# Ok to leave carbon bike in hot car all day/ (Will it assplode?)



## RJP Diver (Jul 2, 2010)

On an upcoming trip I'll need to leave my car parked for a full day, and would prefer (from a theft-prevention standpoint) to keep my bike IN the car vs ON the car. 

Summer + Black car + black interior = hotter'n hell. 

Will my Cervelo assplode?


----------



## Charlie the Unicorn (Jan 8, 2013)

I know I've been advised against it. I'm sure it has been done before, however.


----------



## Stumpjumper FSR (Aug 6, 2006)

It won't melt!

Technical FAQ: Carbon in the sun - VeloNews.com


----------



## aureliajulia (May 25, 2009)

Deflate the tires when you do.


----------



## tlg (May 11, 2011)

The carbon fiber itself is no problem. We use carbon fiber products in heat treating furnaces up to 3000°F. 
On your bike, it's the epoxies and paint you'd have to worry about first. But as the article above explains, those are good to over 180°. 
If you have any plastic do-dads, flashlight mounts, water bottle cages, perhaps those could be become soft or brittle in the heat.
One thing to watch out for, is the heat will make the lube in your chain less viscous, and it might seep out of the rollers a bit.


----------



## SauronHimself (Nov 21, 2012)

Carbon has the highest melting point of any element, so I think you're okay. Besides, it's carbon and not black powder.


----------



## RJP Diver (Jul 2, 2010)

SauronHimself said:


> Carbon has the highest melting point of any element, so I think you're okay. Besides, it's carbon and not black powder.

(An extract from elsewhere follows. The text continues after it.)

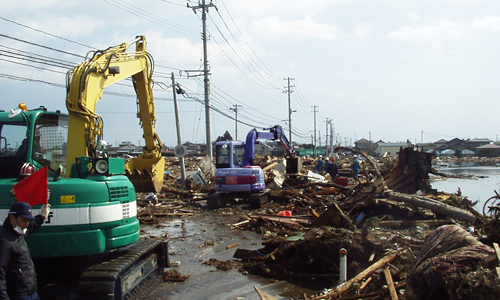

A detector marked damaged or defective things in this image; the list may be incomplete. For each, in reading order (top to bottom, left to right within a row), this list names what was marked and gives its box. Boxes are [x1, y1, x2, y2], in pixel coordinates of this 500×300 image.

broken wooden plank [382, 268, 398, 300]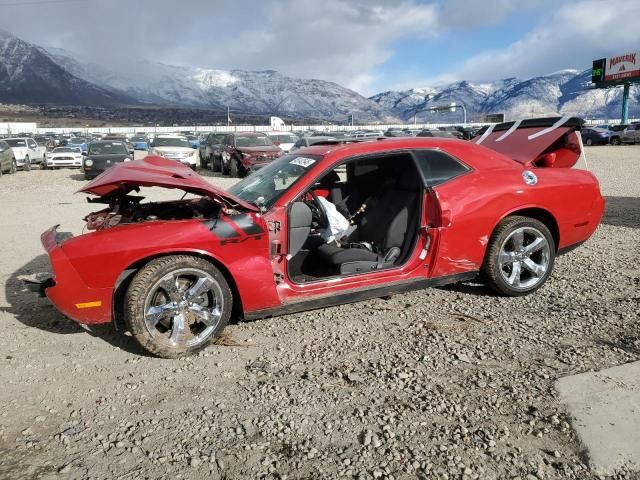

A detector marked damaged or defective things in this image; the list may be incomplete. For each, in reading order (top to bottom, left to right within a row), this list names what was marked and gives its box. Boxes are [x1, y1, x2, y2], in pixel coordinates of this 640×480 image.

damaged hood [476, 116, 584, 168]
damaged hood [79, 156, 258, 212]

Was more worried, I suppose, about decals, paint finish, adhesives on bar tape, etc.


----------



## JCavilia (Sep 12, 2005)

SauronHimself said:


> Carbon has the highest melting point of any element, so I think you're okay. Besides, it's carbon and not black powder.


Melting point is correct, but not very relevant, since the material is not simply carbon, but a composite of carbon and a plastic resin that is affected by much lower temps. But as others have said, the temps reached in a solar-oven auto are still within the safe range for those materials. Lubricants, other plastic bits, and rubber are a different concern.

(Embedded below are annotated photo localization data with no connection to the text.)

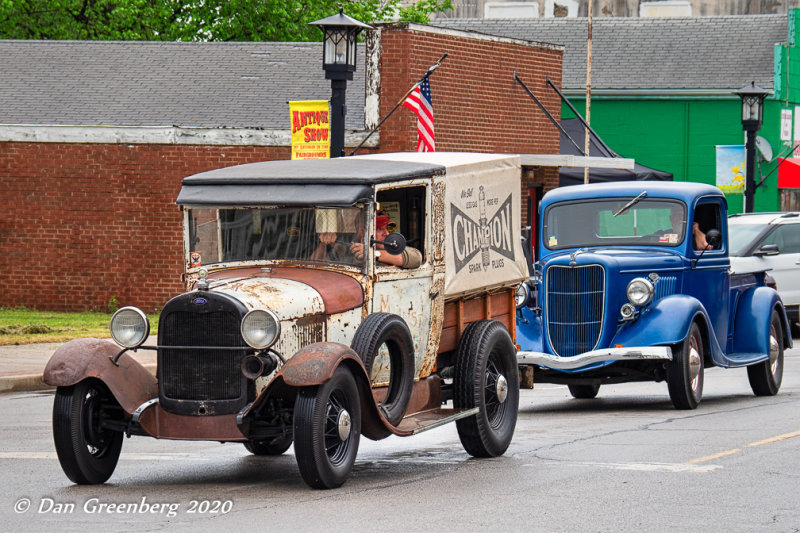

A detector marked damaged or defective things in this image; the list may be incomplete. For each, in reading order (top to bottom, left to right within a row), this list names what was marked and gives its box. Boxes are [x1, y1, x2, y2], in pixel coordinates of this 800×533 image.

rusty ford model a [45, 152, 532, 488]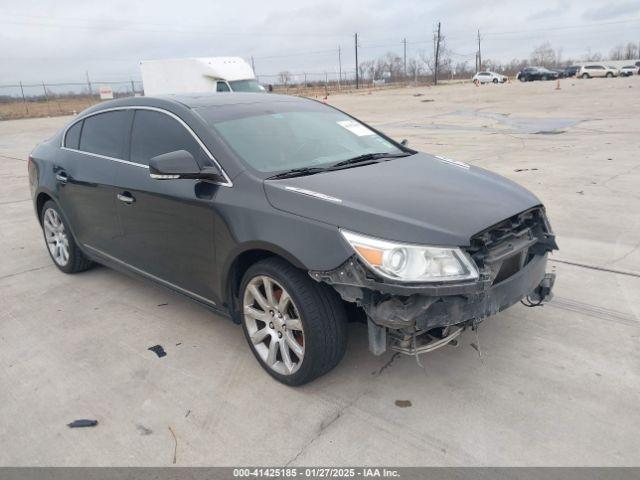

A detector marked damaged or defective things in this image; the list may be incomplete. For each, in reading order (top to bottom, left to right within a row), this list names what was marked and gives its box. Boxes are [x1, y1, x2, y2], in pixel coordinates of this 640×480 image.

cracked headlight housing [342, 230, 478, 284]
damaged front bumper [308, 206, 556, 356]
collision damage [312, 208, 556, 358]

RJP, does your car have a trunk? It doesn't get as hot in there as in the greenhouse.


----------



## tlg (May 11, 2011)

SauronHimself said:


> Carbon has the highest melting point of any element


Sure... if your car is pressurized to 1450psi.


----------



## Sisophous (Jun 7, 2010)

Temps can reach 150 inside a car. Make sure to park it in the shade, under a large tree if possible and put up window shields to keep it cooler and block people from seeing what is inside the car. Remove your computer and battery operated bike light if you have one. I would also leave the windows open about a half inch unless you are expecting thunderstorms. If the temp does not go over 100, everything else should be fine.


----------



## tom93r1 (Jul 19, 2009)

Plastics inside cars start to have issues after many months of being parked outside in the direct sun. I wouldn't worry too much about a carbon bike for a single day. I might relieve a little pressure from the tires but that's about it.


----------



## Jay Strongbow (May 8, 2010)

JCavilia said:


> RJP, does your car have a trunk? It doesn't get as hot in there as in the greenhouse.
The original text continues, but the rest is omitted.